La diversa percezione è dovuta al coinvolgimento di valori che hanno priorità diverse presso differenti popolazioni ed individui.
Le scelte
La scienza ha determinato le probabilità con cui si possono verificare, per i diversi scenari d’intervento, le diverse conseguenze ambientali e può quantificare i singoli costi e benefici di questi interventi. Tuttavia questi elementi non sono ancora sufficienti a determinare quale sia la scelta migliore perché i valori in gioco (danni e vantaggi di diverso tipo distribuiti in modo diverso nel tempo e nello spazio) sono incommensurabili e diventano confrontabili solo quando si sia stabilita una scala di priorità. Questa ulteriore valutazione non può essere un compito scientifico. Così come alla politica viene chiesto di non intervenire negli aspetti tecnici, la scienza non deve esprimersi sui valori sociali che richiedono una valutazione politica. La scienza deve prevedere e la politica provvedere.
Proprio la mancanza di provvedimenti è in questo momento il vuoto più preoccupante. D’altra parte l’incertezza e la complessità degli scenari non dovrebbero impedire le scelte. Gli individui sanno fare quotidianamente delle scelte all’interno di scenari complessi ed in condizioni d’incertezza. Queste scelte individuali, anche se spesso fatte in modo intuitivo, adottano fondamentalmente gli stessi strumenti di un metodo gestionale rigoroso. Per le singole opzioni si valuta la probabilità delle diverse evoluzioni ed i relativi costi e benefici. Il percorso che offre la prospettiva di un miglior compromesso fra costi e benefici è quello preferito. Il metodo delle scelte individuali e gestionali dovrebbe anche essere il metodo delle scelte politiche.

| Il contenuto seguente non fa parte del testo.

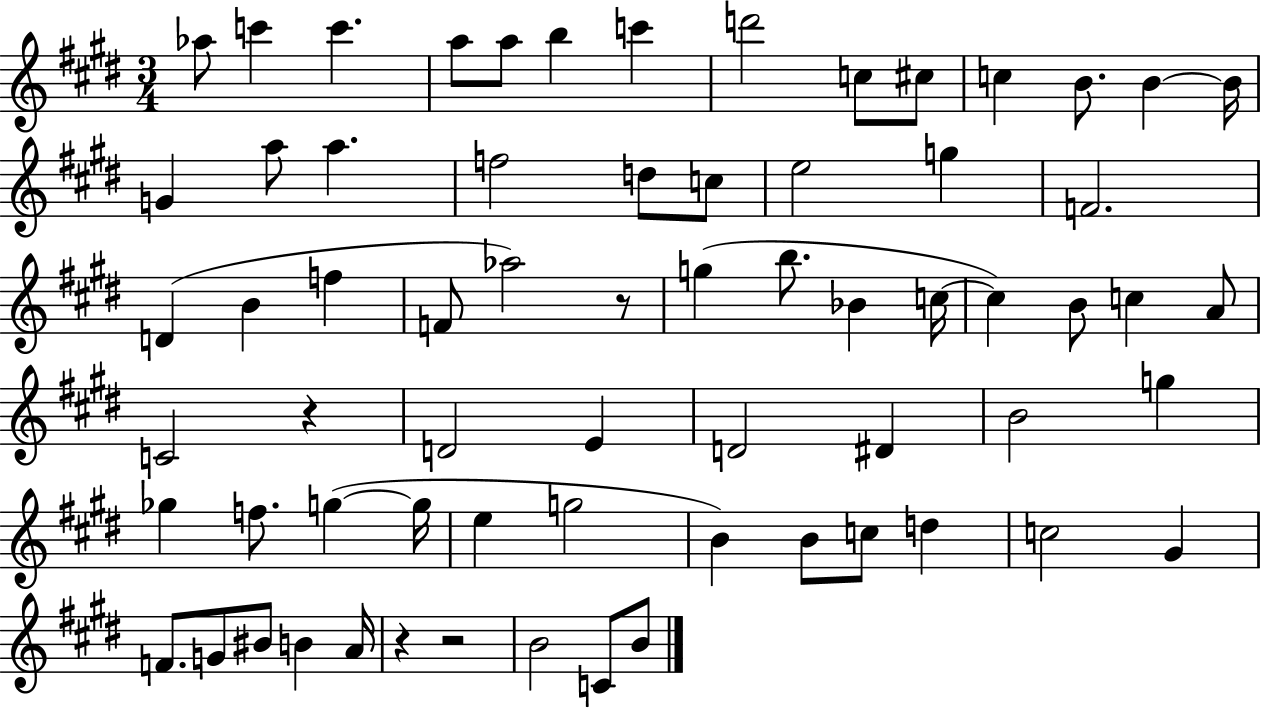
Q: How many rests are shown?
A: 4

Un motto afferma che “tutti sanno fare la scelta per un problema di cui si sa tutto, occorre un manager per fare la scelta per un problema di cui non si sa tutto, ed occorre un manager perfetto per fare la scelta per un problema di cui non si sa niente”. Per fortuna nel caso dei cambiamenti climatici non è più valida la scusa dell’incertezza scientifica e non serve un manager perfetto. Nel momento in cui non si agisce occorre essere coscienti che stiamo facendo la scelta di non agire. Infatti anche il non agire è una possibile scelta, ma in quanto tale chi la fa se ne deve assumere la responsabilità.
Sicuramente le scelte sono più affidabili se il metodo gestionale ha a disposizione dati più certi. In questa direzione la scienza può continuare a fornire contributi fondamentali, riducendo i margini d’incertezza nelle stime dei costi-benefici, sviluppando sorgenti energetiche alternative ai combustibili fossili e producendo previsioni più affidabili dei futuri cambiamenti climatici. A questo scopo sarebbe opportuno promuovere l’attività di ricerca del settore con finanziamenti più incisivi.

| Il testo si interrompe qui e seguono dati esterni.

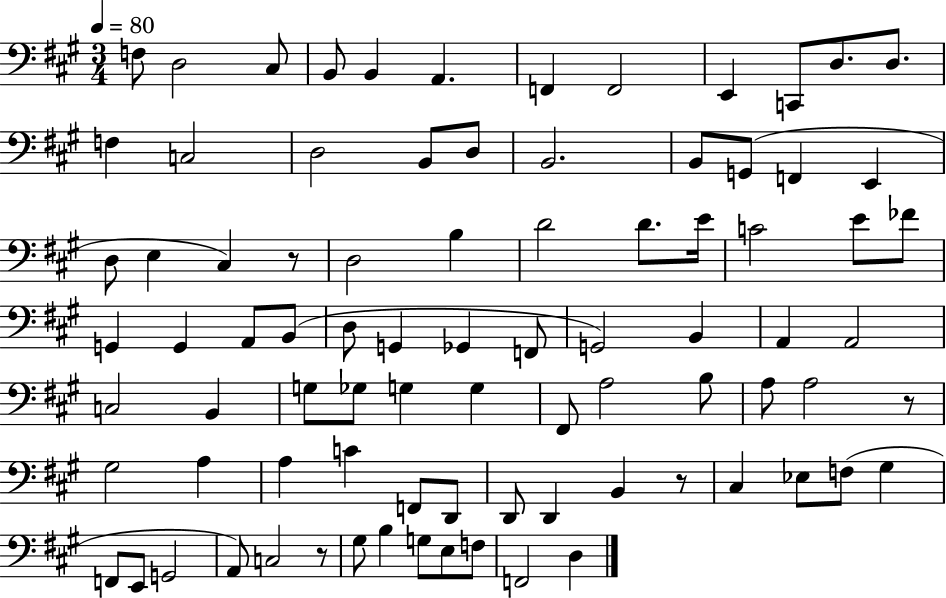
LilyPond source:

{
  \clef bass
  \numericTimeSignature
  \time 3/4
  \key a \major
  \tempo 4 = 80
  f8 d2 cis8 | b,8 b,4 a,4. | f,4 f,2 | e,4 c,8 d8. d8. | \break f4 c2 | d2 b,8 d8 | b,2. | b,8 g,8( f,4 e,4 | \break d8 e4 cis4) r8 | d2 b4 | d'2 d'8. e'16 | c'2 e'8 fes'8 | \break g,4 g,4 a,8 b,8( | d8 g,4 ges,4 f,8 | g,2) b,4 | a,4 a,2 | \break c2 b,4 | g8 ges8 g4 g4 | fis,8 a2 b8 | a8 a2 r8 | \break gis2 a4 | a4 c'4 f,8 d,8 | d,8 d,4 b,4 r8 | cis4 ees8 f8( gis4 | \break f,8 e,8 g,2 | a,8) c2 r8 | gis8 b4 g8 e8 f8 | f,2 d4 | \break \bar "|."
}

A meno che non si preferisca far finta di non sapere.
Bibliografia
[1] J.T. HOUGHTON et alii (eds), Climate Change 1995: The Science of Climate Change. Contribution of Working Group 1 to the Second Assessment Report of the Intergovernmental Panel on Climate Change, Cambridge University Press, Cambridge (UK) 1996.
[2] J.T. HOUGHTON et alii (eds), Climate Change 2001: The Scientific Basis. Contribution of Working Group 1 to the Third Assessment Report of the Intergovernmental Panel on Climate Change, Cambridge University Press, Cambridge (UK) 2001.
[3] J.T. HOUGHTON et alii (eds), Climate Change 2006: The Scientific Basis. Contribution of Working Group 1 to the Third Assessment Report of the Intergovernmental Panel on Climate Change, Cambridge University Press, Cambridge (UK) 2007.
[4] K. POPPER, Logica della scoperta scientifica, Einaudi, Torino 1970.